On m’a dit que les enfants avant le gempukku sont supposés être insouciants et libres, et ne pas être responsables de leurs actes… C’est quelque chose que je n’ai jamais connu.

Nous étions cinq, mes deux frères aînés, Katsushige et Inejirô, et mes deux sœurs cadettes, Hanako et Shizue, et mes parents nous ont inculqués ce qu’était notre famille, qui étaient nos ancêtres, ce que signifiait être un Lion ; et nous n’avons jamais eu le droit, ou même la possibilité, de l’oublier.

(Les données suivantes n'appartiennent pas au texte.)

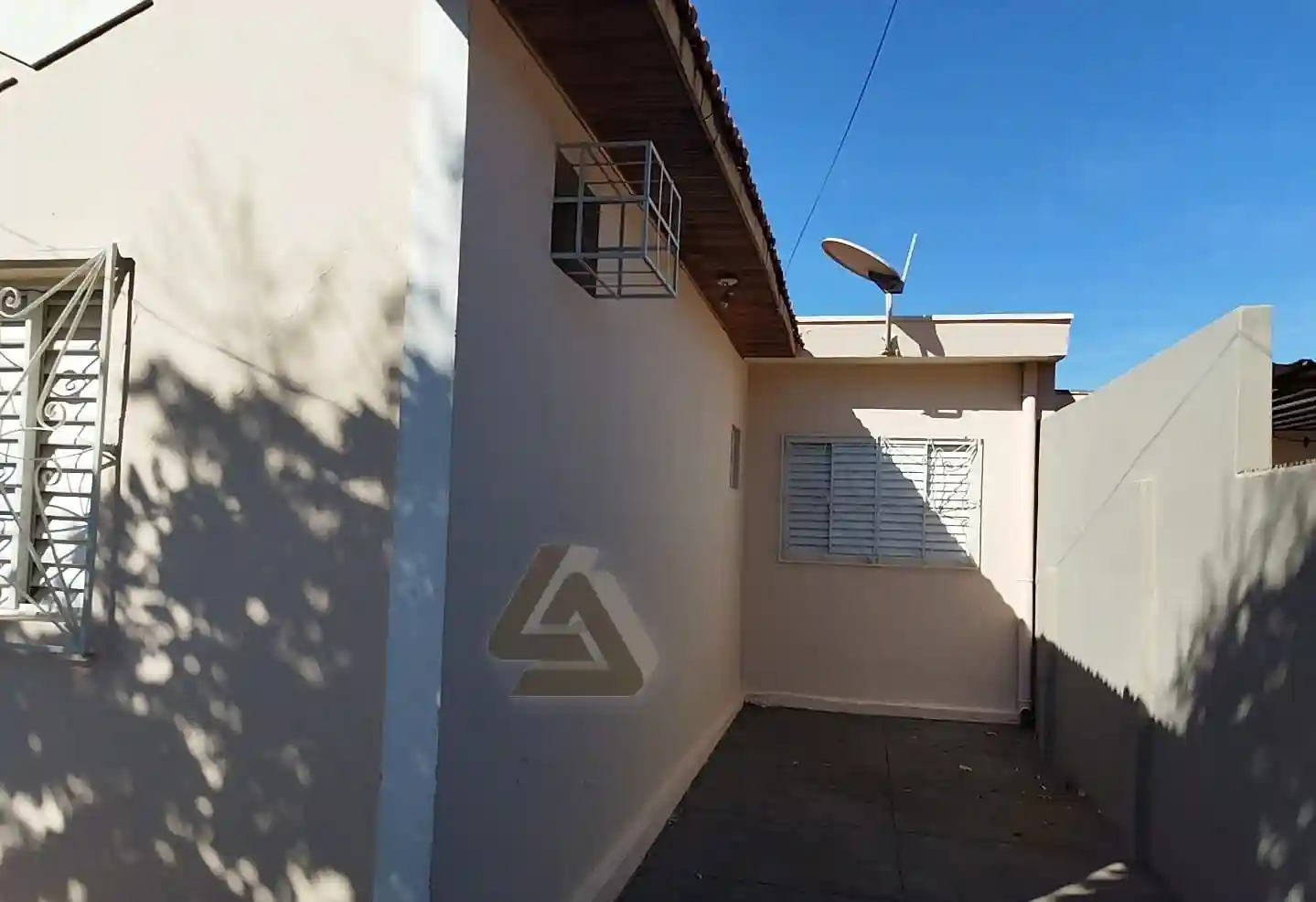 Casa com 3 quartos à venda, 144m² — foto 2 de 18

Mes parents n’étaient pas cruels ; ils nous aimaient, je suppose, à leur manière. Mon père, pour un Matsu, était d’une surprenante tempérance, qui s’accordait bien au caractère réfléchi et volontaire de ma mère. Cependant, je ne peux me souvenir d’une seule fois où ils n’aient pas été d’une sévérité exemplaire quand mes frères ou moi étions pris en faute, alors que nos compagnons de jeu avaient des punitions bien plus légères.

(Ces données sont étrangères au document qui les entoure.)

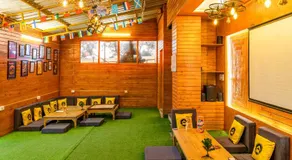 Lushtree Backpackers - Hostel & Cafe - Image 2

C’était ainsi. Parce que notre lignée est illustre, il nous fallait montrer l’exemple, toujours. Et là où un enfant de ji-samourai pouvait être pardonné avec une tape affectueuse ou un sourire, les enfants de Matsu Jinsei et Matsu Kaoru, eux, devaient payer. Mes deux frères, Katsushige l’inventif, et son ombre Inejirô, le turbulent, toujours prêt à le suivre dans tous les mauvais coups, en firent plus d’une fois l’expérience cuisante, jusqu’à ce que Katsushige parte rejoindre l’Académie Akodo.

Bien que mon père soit de noble lignage, en tant que daimyo de la famille Matsu, la seule raison qui lui a valu d’épouser ma mère est la raison d’état. Il fallait des héritiers à la famille Akodo, et mes parents ont suivi le souhait de mon grand-père maternel défunt, et donné le nom d’Akodo à leur progéniture mâle. Ainsi mes frères portent-ils le nom d’Akodo, tandis que mes sœurs et moi portons le nom Matsu.

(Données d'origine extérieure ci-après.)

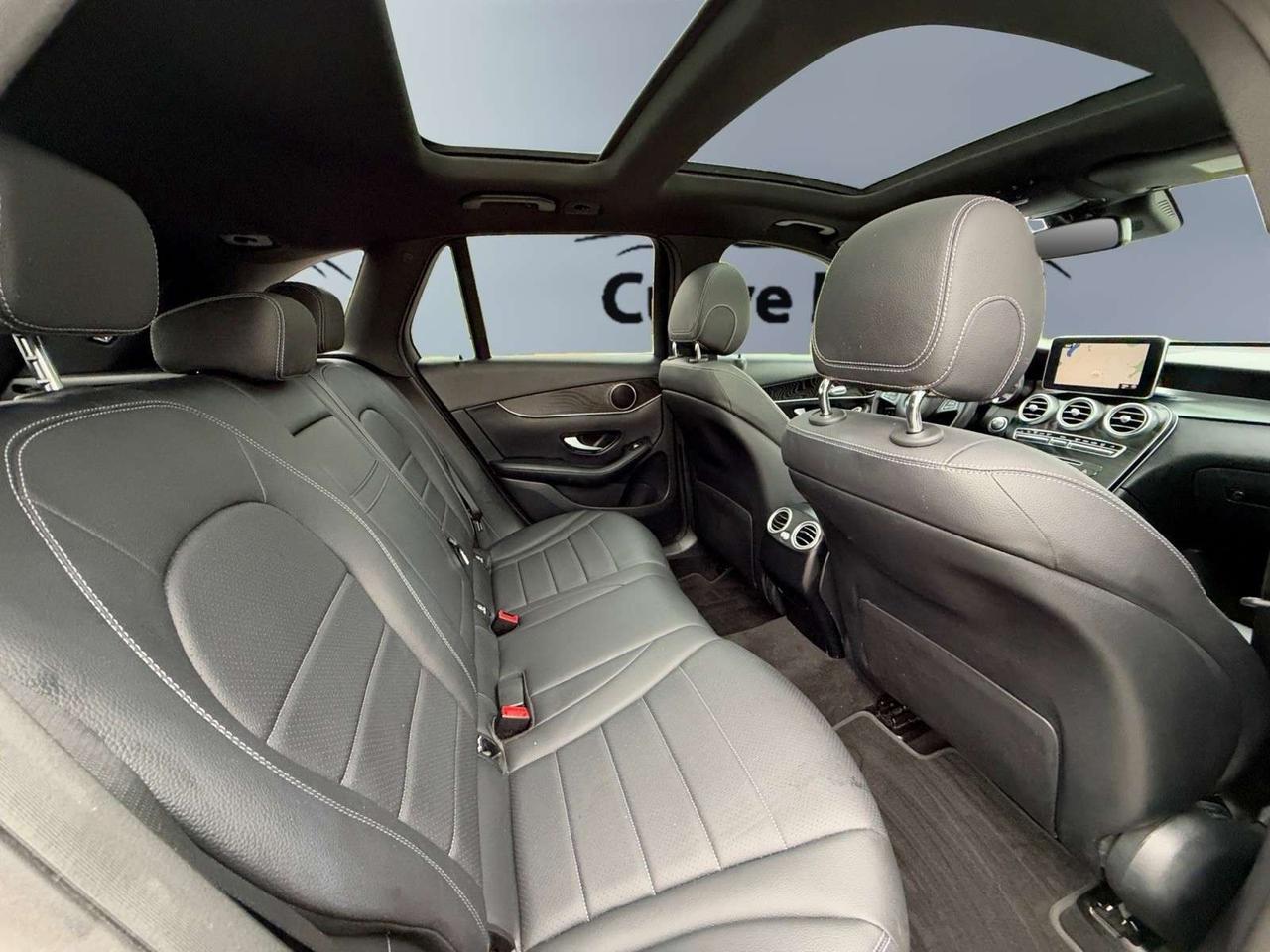 2019 Mercedes-Benz GLC GLC 300 4MATIC AMG PKG * DRIVER ASSIST / PANORAMIC ROOF / LED LIGHTS Photo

J’étais proche de mon frère Inejirô, avec lequel je n’avais qu’un an de différence d’âge, même si nous étions comme chien et chat ; Katsushige était plus lointain, plus intimidant, et déjà immergé, lors de ses rares visites, dans un monde qui m’était étranger.

J’ai plus de différence d’âge avec mes deux sœurs qui, tant qu’elles étaient petites, sont restées pour moi les bébés de la famille ; puis je les ai perdues de vue quand j’ai quitté ma famille et qu’elles, de leur côté, ont rejoint l’école de bushi Matsu. En effet, mes frères avaient bien sûr l’un et l’autre intégré l’école Akodo, où mon très honorable oncle maternel avait eu une influence profonde.

J’aurais normalement dû suivre l’école Matsu, mais ma mère convainquit mon père de me laisser étudier comme mes frères à l’école Akodo. Cette décision n’allait pas être sans conséquences, sur moi et sur notre famille.

Mon père reçut la visite de Matsu Tetsuko-sama, la « dame de fer » qui préside aux destinées du dojo Matsu, enragée de voir qu’il jetait apparemment les traditions aux quatre vents. Mon père l’écouta avec son impassibilité habituelle, ce qui sembla l’enrager encore plus. J’étais présente dans la pièce ; bien que les deux adultes fissent mine de m’ignorer, je sentis l’air s’épaissir sous l’effet de sa colère, qui émanait d’elle en vagues successives. J’aurais voulu être non seulement ignorée mais invisible.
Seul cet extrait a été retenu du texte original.